La Directiva (UE) 2024/1275, de eficiencia energética de los edificios, describe la importancia de la energía solar en los edificios: para proteger a los consumidores de los combustibles fósiles y de los altos precios de la electricidad. Por eso la Directiva (UE) 2023/2413, de energías renovables, establece que la integración de la energía solar en los edificios se producirá mediante aumentos significativos del autoconsumo con almacenamiento, comunidades de energías renovables y recarga bidireccional para vehículos eléctricos.
¿Por qué desde 2018 han persistido las barreras al autoconsumo? La falta de regulación del autoconsumo con baterías, de la agregación, de las comunidades energéticas y de la eficiencia energética de edificios ha dejado desprotegidos a los consumidores, hogares e industrias, durante la crisis del gas en 2022 y el apagón de 2025. Y ahora vienen las prisas. Pero servirán de poco si no se reforma el actual diseño del mercado eléctrico, a lo que Von der Leyen, presidenta de la Comisión Europea, se ha negado siguiendo el criterio de la patronal eléctrica. Porque eliminar las barreras al autoconsumo permitirá a los consumidores dejar de depender del sistema eléctrico centralizado y a cada centro de consumo gestionar su oferta y demanda de energía en tiempo real.

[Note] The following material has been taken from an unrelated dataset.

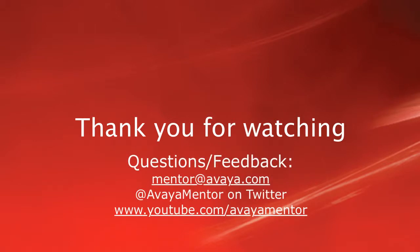We thank you for your time today, and we hope this information was useful. We welcome your questions, comments, and feedback at mentor at avaya.com or on Twitter at AvayaMentor.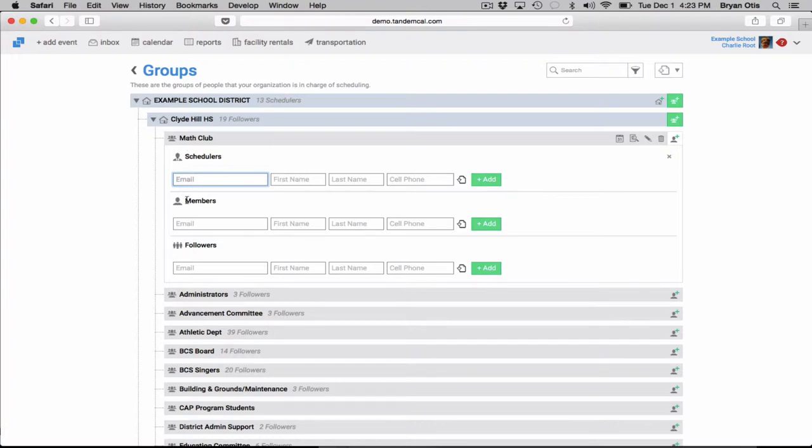Now members are members of the actual group, so in this case members of the math club. And by adding their email, first name and last name here, you'll ensure that Tandem will send them a link and they'll be able to subscribe to the public and the private events that this group is doing. Very important.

Está claro que en España no se ha querido comprender el verdadero alcance de las directivas europeas de renovables. El autoconsumo no es una tecnología sino un derecho de ciudadanía para proteger a los consumidores de los combustibles fósiles y de los precios elevados de la electricidad. Persistir en poner límites al autoconsumo es una arbitrariedad y una incongruencia, de la misma manera que cualquier acto que pretenda limitar derechos reconocidos a los ciudadanos.